Other differences originate from the fact that only binding to the target mRNA is required to achieve a
blocker ASO function, as for mRNA degradation, the catalytic activity of RNase H (for ASOs) and of
Argonaute 2 (for siRNAs) must be maintained. Finally, it is generally considered that ASOs can block or
cleave both pre-mRNA and mRNA either in the nucleus or cytosol, while siRNA ensures the degradation of
the mature mRNA in the cytosol only. This represents an important point for diseases caused by nuclear
aggregation of variant mRNA, such as Myotonic Dystrophy Type 1 (MD1) (see section Type 1 myotonic
dystrophy: different ASO modes of action). This is, however, a disputed point, because several siRNAs and
shRNAs have been shown to lead to nuclear foci degradation in MD1 cellular and animal models [24-26] thus
suggesting that the RISC-induced cleavage and subsequent degradation could also occur in the nucleus.

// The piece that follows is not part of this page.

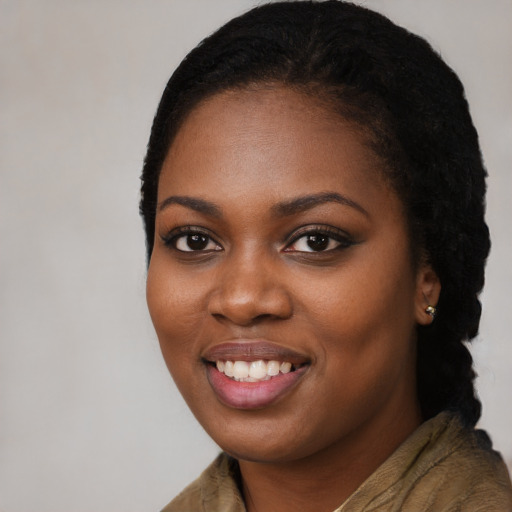 Joyful black young-adult female with long  black hair and brown eyes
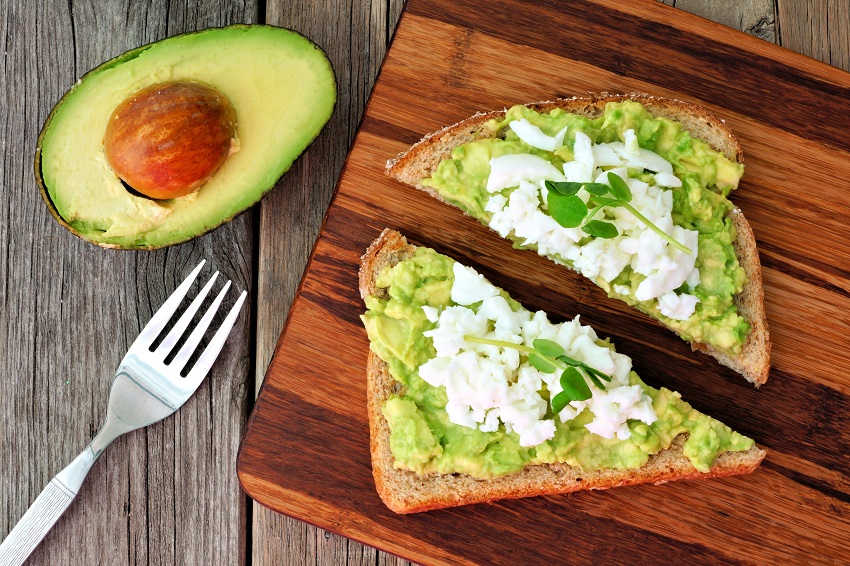 two slices of avocado toast topped with scrambled eggs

Chemical optimization of steric blocker ASOs
After their initial discovery, the first enthusiastic attempts towards the clinical use of both ASOs and siRNAs
were very disappointing, leading to a drastic decrease in the investment into these genetic pharmacology
drugs. These initial approaches used natural oligonucleotides, which have poor pharmacokinetics because
they undergo fast degradation by endo- and exonucleases. They are degraded in less than 20 minutes after
intravenous administration. In addition, these first-generation ASOs and siRNAs were rapidly eliminated by
kidney filtration. This decreases tissue biodistribution and might induce undesirable glomerular toxicity
resulting from temporary elevated local concentrations of these biologically active agents. Moreover, natural
oligonucleotides are small hydrophilic polyanionic compounds due to the phosphodiester linkages, which
hinder cell penetration through the lipophilic plasma membrane. Finally, innate immune response to
double-stranded RNA, especially through the TLR3 receptor [27-30] , was found to represent a strong bottleneck
for the development of siRNA drugs. All these considerations led to the conclusion that chemical
modifications were required for the ultimate success of an ASO or siRNA drug.